Adopt Archon as the substrate for **heavy** Foundry harnesses, treating workflow YAML and commands as the only durable contract. It gives you ~80% of the heavy-harness requirements off-the-shelf — sequencing, approval gates, retries, resumption, observability, parallel fan-out, worktree isolation, Claude-skill loading, MCP, structured outputs, and a usable Web UI — with the noteworthy limitation that "loop over a list of items, each running a sub-DAG" is not a native primitive (use the bundled Ralph pattern). Do not let it host pattern/IWC-exemplar retrieval; that's the wrong shape and v2 deliberately removed the KB. For **lightweight** harnesses (simple sequence of generated skills) Archon is overkill in isolation but cheap once you're already running it for the heavy end.

**Next steps (prioritized):**
1. Build a throwaway proof-of-concept harness in Archon that exercises (a) a `script: { runtime: uv }` node calling `gxwf validate`, (b) a Ralph-pattern loop over a fake step list, (c) one `approval:` gate, (d) a `cancel:` branch from a `when:` route. Goal: confirm the per-step-loop ergonomics are tolerable for the real pipeline.
2. Decide where Mold compilation lives (outside Archon) and where pattern/IWC retrieval lives (outside Archon — pick filesystem grep vs. MCP server). Document the boundary so the Foundry doesn't drift Archon into KB territory.

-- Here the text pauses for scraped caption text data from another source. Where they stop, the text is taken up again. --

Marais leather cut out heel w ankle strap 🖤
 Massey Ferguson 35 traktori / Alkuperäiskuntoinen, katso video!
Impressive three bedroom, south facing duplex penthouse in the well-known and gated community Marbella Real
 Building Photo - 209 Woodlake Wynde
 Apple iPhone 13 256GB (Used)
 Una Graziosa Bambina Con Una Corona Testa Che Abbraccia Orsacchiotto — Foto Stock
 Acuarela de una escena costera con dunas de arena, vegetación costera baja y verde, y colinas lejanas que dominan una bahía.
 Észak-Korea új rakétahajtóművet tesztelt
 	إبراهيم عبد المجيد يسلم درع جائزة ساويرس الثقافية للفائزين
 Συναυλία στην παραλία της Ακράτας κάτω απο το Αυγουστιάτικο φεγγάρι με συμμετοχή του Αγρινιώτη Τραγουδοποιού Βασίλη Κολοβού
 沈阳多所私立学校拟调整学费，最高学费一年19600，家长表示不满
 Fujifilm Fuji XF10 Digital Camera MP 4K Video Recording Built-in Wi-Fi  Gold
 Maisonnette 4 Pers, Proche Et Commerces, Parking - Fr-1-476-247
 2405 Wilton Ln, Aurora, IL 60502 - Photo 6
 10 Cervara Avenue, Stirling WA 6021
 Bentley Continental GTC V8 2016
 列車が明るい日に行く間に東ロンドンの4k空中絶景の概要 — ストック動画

3. Pin to a specific Archon release in the Foundry's docs and re-evaluate at each minor bump until 1.0; v2 semantics are still moving (CHANGELOG 0.3.10 alone changed provider/model resolution).
4. If the proof-of-concept exposes that per-step sub-DAGs are too painful: prototype the same flow in LangGraph as a head-to-head comparison before committing.
5. Skip CrewAI/AutoGen/Temporal/Inngest for now — wrong shape or too heavy for a research foundry.